SOCI 362/GDST 314 Technologies of Gender/ Feminist Theory and Criticism (Taught by Dr. ShaDawn Battle)
The famous sixteenth century aphorism “knowledge is power!” should, in fact, state, “knowledge is [their] power!” Let’s face it: those who are not cis, white, wealthy, straight males monopolize the halls of power precisely because they—almost exclusively—are afforded the ability to construct knowledge of the world and social meaning through frameworks upheld by white supremacist-capitalist-patriarchy. That is, those who occupy identities of privilege oftentimes determine how and why we know what we know. If, for instance, forty years ago, a woman-identified person who had been sexually accosted by a police officer might not have identified the act of violence she experienced under the purview of “police brutality”—it is not merely because of a lack of gender-expansive discourse used to define police brutality. Additionally, this rhetorical misnomer is also because of a paucity of female representation in police review boards, state legislatures, or even senior-level leadership in the institution of policing. Feminist philosopher Miranda Fricker would identify this phenomenon as a form of “epistemic injustice,” or harm committed against a vulnerable person “in their capacity as a knower” (Fricker 2007).

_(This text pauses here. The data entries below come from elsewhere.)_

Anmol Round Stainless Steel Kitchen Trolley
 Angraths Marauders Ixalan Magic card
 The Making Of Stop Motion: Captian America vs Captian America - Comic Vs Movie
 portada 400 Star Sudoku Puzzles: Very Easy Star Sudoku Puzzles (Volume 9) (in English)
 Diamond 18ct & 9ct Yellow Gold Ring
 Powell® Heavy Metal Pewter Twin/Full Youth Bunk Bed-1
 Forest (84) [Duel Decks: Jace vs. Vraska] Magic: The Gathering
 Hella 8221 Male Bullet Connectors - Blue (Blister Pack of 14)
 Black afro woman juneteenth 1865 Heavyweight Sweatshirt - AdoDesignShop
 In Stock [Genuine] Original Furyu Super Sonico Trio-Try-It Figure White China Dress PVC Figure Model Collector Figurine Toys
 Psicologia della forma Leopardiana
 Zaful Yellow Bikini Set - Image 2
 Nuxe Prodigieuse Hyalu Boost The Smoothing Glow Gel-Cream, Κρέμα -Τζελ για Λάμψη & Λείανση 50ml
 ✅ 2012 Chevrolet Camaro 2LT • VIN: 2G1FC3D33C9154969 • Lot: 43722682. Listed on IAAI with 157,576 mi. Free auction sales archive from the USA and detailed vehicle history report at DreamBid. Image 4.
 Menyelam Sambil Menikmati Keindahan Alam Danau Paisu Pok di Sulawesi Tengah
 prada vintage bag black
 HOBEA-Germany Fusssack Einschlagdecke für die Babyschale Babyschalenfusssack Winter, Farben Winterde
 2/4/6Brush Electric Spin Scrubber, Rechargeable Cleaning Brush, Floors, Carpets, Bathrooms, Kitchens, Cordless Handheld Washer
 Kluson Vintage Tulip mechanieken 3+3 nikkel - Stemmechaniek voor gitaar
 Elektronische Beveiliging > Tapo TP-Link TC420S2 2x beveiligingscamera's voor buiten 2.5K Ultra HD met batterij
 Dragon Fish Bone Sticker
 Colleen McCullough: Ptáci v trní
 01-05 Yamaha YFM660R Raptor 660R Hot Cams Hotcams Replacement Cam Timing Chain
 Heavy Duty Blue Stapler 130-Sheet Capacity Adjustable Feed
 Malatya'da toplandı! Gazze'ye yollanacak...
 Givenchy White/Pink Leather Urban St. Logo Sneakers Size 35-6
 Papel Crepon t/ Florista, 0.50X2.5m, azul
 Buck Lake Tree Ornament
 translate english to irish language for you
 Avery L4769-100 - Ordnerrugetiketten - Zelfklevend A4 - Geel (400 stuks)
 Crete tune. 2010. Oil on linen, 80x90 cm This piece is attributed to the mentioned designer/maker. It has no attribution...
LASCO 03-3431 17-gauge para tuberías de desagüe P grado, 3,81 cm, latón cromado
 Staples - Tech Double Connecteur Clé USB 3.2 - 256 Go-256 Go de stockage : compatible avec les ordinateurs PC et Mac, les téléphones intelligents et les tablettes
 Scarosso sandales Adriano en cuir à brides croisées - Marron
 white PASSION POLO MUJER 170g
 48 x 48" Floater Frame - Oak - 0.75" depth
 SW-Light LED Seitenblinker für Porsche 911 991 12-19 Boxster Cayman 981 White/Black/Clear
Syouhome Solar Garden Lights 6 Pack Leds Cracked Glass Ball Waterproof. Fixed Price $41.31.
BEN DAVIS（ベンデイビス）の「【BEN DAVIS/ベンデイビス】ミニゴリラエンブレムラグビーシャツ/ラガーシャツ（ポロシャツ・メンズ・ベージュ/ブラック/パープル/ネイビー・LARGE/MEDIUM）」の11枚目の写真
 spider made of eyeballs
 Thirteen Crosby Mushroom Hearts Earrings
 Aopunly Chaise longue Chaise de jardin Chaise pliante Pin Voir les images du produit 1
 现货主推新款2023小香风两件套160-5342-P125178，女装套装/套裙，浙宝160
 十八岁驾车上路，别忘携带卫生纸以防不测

“Feminist Epistemologies” will, therefore, examine how women—women of color, especially—and other gender-nonconforming folks, are systematically excluded from knowledge production, and the social, political, and economic ramifications of their exclusion. We will tackle questions such as, how are silencing practices routinely employed to prevent womenfolk from constructing knowledge? What is “legitimate” knowledge anyway? And why are women excluded from it? How might we analyze racial politics in the carceral system, policing, etc., as well climate studies, politics, and sports, across history, by centering the voices and experiences of women and gender expansive people? Is our social analysis of Cardi B’s fourth pregnancy while legally married informed by patriarchal and masculine modes of knowing and ethics?
In addition to epistemology studies, Black feminist theory will guide our conversations.